What the task requires: The data below should be printed in full, exactly, and without any of its images.

Given material:

--------------------------------------------------

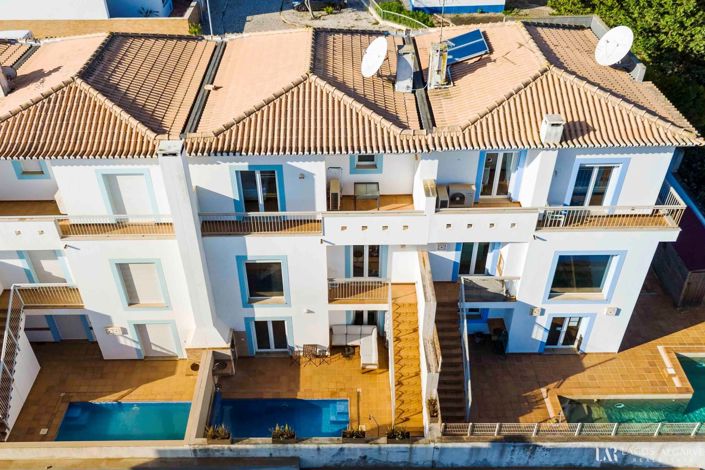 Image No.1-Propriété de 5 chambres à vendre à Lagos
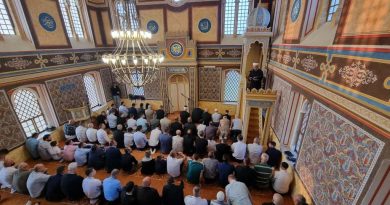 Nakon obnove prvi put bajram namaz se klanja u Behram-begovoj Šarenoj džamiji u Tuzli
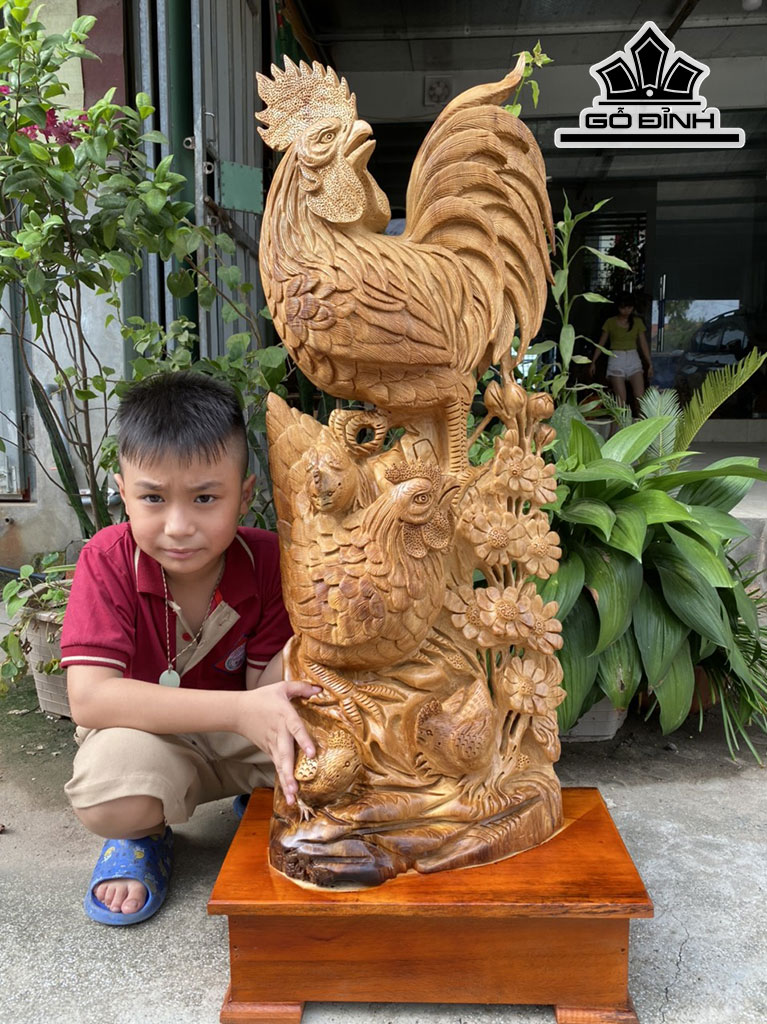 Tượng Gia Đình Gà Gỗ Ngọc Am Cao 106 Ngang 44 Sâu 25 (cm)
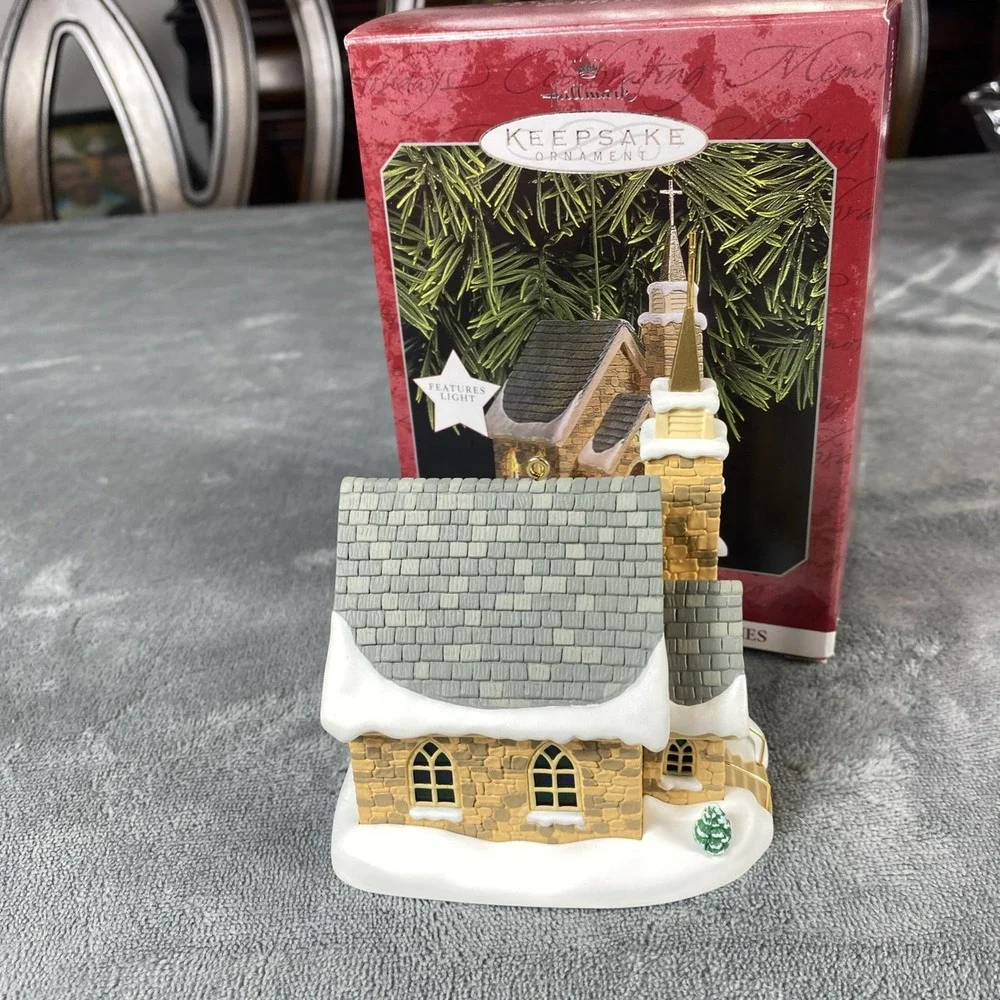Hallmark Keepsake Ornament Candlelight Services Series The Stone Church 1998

--------------------------------------------------

Result for this exercise:
 Image No.1-Propriété de 5 chambres à vendre à Lagos
 Nakon obnove prvi put bajram namaz se klanja u Behram-begovoj Šarenoj džamiji u Tuzli
 Tượng Gia Đình Gà Gỗ Ngọc Am Cao 106 Ngang 44 Sâu 25 (cm)
Hallmark Keepsake Ornament Candlelight Services Series The Stone Church 1998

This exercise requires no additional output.